Prof. Dietrich Fischer, Nov 1 2010 – TRANSCEND Media Service

Johan Galtung, born in Oslo, Norway, on 24 October 1930 has been awarded the Korean DMZ Peace Prize for 2010, “for his long-lasting work for world peace and Korean reunification”, as the selection committee stated. The award ceremony will take place in Seoul on December 7, 2010. DMZ stands for De-Militarized Zone, as a Zone of Peace.

Galtung, recognized worldwide as founder of the academic discipline of peace studies, has worked persistently for nearly four decades to promote peace on the Korean peninsula. Since 1972, he has visited Korea about 25 times, including two visits to North Korea in 1989 and 2000. He has also held numerous dialogues abroad with diplomats from both South and North Korea. He advised South Korean president Kim Dae Jung, whose “sunshine policy” helped improve relations between North and South Korea.

Based on published speeches that Galtung held in North and South Korea (see www.transcend.org/tup), the following key elements of his analysis and peace proposals emerge.

He emphasizes the need for both negative peace–the absence of violence– and positive peace–cooperation for mutual and equal benefit. Cooperation presupposes the absence of violence, what requires solution of the underlying conflict. Violence is to conflict like smoke to fire. To get rid of the smoke, it is necessary to extinguish the fire. If the conflict is not solved, cooperation will not last. Of course, both efforts can be pursued simultaneously.

The West portrays the root of the conflict as North Korea’s attack against the South in 1950, at the start of the Korean War that lasted until 1953, and has not yet been ended with a peace treaty. This was the first time since 1812 that the US has not won a war, and the US has not yet forgiven North Korea. But we must not forget the 1905 Taft-Katsura Memorandum about zones of interest, giving to the USA the Philippines and to Japan Korea; Japanese colonial occupation of Korea 1910-1945; the partition of Korea in 1945; and the 1948 Jeju uprising against American occupation, which was brutally suppressed by South Korean troops under US command.

True, there are human rights violations in North Korea, but the same occurred in the South during military dictatorship. South Korea has changed. So will North Korea, Galtung expects, following the paths of China and Vietnam, who have adopted a form of capitalism with rapid economic growth under control of the communist party.
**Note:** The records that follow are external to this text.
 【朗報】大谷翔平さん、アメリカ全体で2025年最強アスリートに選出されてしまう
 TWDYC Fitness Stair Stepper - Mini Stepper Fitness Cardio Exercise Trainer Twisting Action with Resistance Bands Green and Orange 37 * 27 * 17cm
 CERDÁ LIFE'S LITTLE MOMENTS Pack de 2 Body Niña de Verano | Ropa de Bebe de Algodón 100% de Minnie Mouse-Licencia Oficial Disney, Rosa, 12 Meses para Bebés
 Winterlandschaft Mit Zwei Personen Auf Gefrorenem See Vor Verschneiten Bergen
Galtung does not foresee a Korean unification similar to the German unification (collapse of the regime in the East, followed by absorption by the West), nor similar to how Vietnam was unified (conquest of the South by the North). Neither of those two processes is peaceful. Peace requires equality, not domination of one side by the other. He anticipates, and advocates, a process similar to the formation of the European Union, with states beginning with functional cooperation (the European Coal and Steel Union of 1951), and gradually closer cooperation and joint institutions.

Another model is the unification of Austria, after it was divided into four occupations zones from 1945-1955: withdrawal of all foreign troops, and formation of a single neutral state.
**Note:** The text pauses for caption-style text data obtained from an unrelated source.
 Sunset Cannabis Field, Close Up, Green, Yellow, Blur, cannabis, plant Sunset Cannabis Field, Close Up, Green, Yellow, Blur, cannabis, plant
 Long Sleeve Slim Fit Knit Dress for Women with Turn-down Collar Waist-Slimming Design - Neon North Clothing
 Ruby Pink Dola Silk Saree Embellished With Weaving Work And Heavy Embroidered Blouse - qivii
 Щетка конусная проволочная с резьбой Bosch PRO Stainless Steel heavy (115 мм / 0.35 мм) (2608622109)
In Korea, that process will probably take longer. The people of Korea should be united, the sooner the better, through free travel and economic cooperation between North and South. But it is not likely that one of the two states will simply disappear. The Koreans, in both North and South, have great pride. More desirable is a gradual process of cooperation on concrete issues of mutual benefit (like reopening the rail link between North and South that was cut in 1950), followed by the formation of a lose confederation of two states, developing into a federation with a center for financial, foreign policy and military matters and a periphery of the two Koreas retaining many of their present characteristics. This may ultimately result in a unitary, neutral state, if the Korean people so wish.

Galtung sees potential in an association of the mahayana buddhist countries, which have a common culture: North and South Korea, China (including Hong Kong, Macao and Taiwan), Japan and Vietnam. Such an association could produce goods of Japanese and South Korean quality, at prices of China, Vietnam and North Korea.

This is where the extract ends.